Selon de récents sondages portant sur Roe c. Wade, une majorité d’Américains est en faveur du droit à l’avortement. Même si seulement 29% l’approuvent dans toutes les circonstances, environ 50% des gens souhaitent qu’il demeure légal, mais avec certaines limitations.

Cependant, les lobbys anti-choix sont très actifs et visibles sur la scène nationale et dans les États. Ils ont beaucoup d’expérience dans l’élaboration de projets de lois, qu’ils soumettent directement aux élus. On les voit aussi chaque année en janvier lors de la marche pour la vie à Washington. Ça donne l’impression d’un activisme très important, mais ça ne représente pas nécessairement l’opinion publique.

Les lignes de parti, elles, sont très marquées. Plus de 80% des démocrates sont en faveur du maintien de Roe c. Wade, alors que c’est le cas de seulement 43% des républicains.

Le président ne donne pas l’impression de partager les valeurs des fondamentalistes religieux de son parti. Cherche-t-il vraiment à rendre l’avortement illégal?

Donald Trump a mis beaucoup de temps pendant la campagne électorale avant de dire s’il allait nommer des juges qui s’opposent à Roe c. Wade. Il a finalement dit qu’il le ferait au dernier débat présidentiel. C’est ce qu’il a fait avec Neil Gorsuch, sa première nomination. On en saura bientôt plus sur la position précise de Kavanaugh.

Mais Trump n’est pas seul et, sur cette question, il faut tourner notre regard vers Mike Pence, le vice-président. Conservateur religieux, il a signé des lois très restrictives pour l’accès à l’avortement lors de son passage comme gouverneur de l’Indiana. Il est très actif sur cette question et s’est même présenté aux marches pour la vie pendant les deux premières années du mandat de Trump. Si le pouvoir de nommer les juges reste une prérogative présidentielle, l’influence de Pence se fait sentir.

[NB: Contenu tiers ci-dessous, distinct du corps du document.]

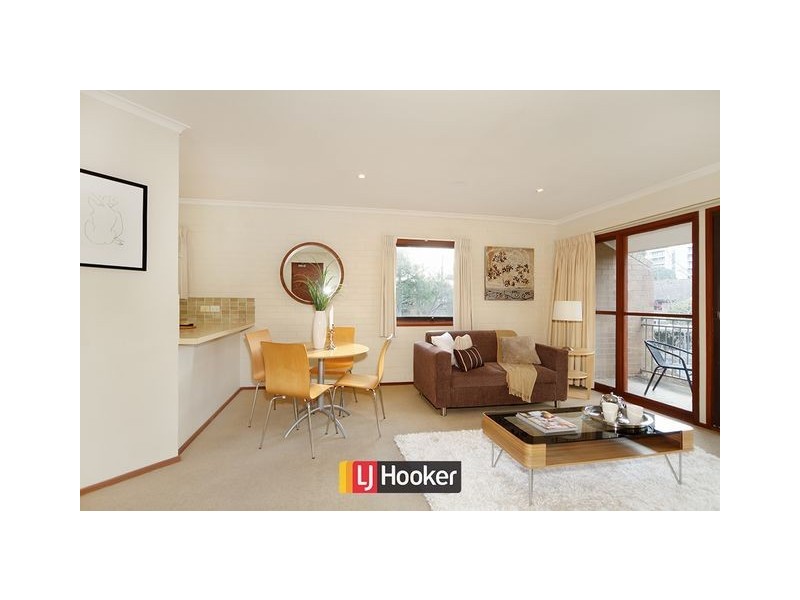 10 ‘The Pines’/20 Oliver Street, Lyneham ACT 2602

Et puis, on parle beaucoup des nominations à la Cour suprême, mais il ne faut pas oublier que Trump nomme également les juges aux cours fédérales d’appel et de district. En nommant des juges conservateurs et anti-choix à ces cours, il permet à plus de causes de se rendre à la Cour suprême et d’éroder le droit à l’avortement. Mais tant que la Cour suprême ne revient pas elle-même sur Roe v. Wade, l’arrêt restera en place.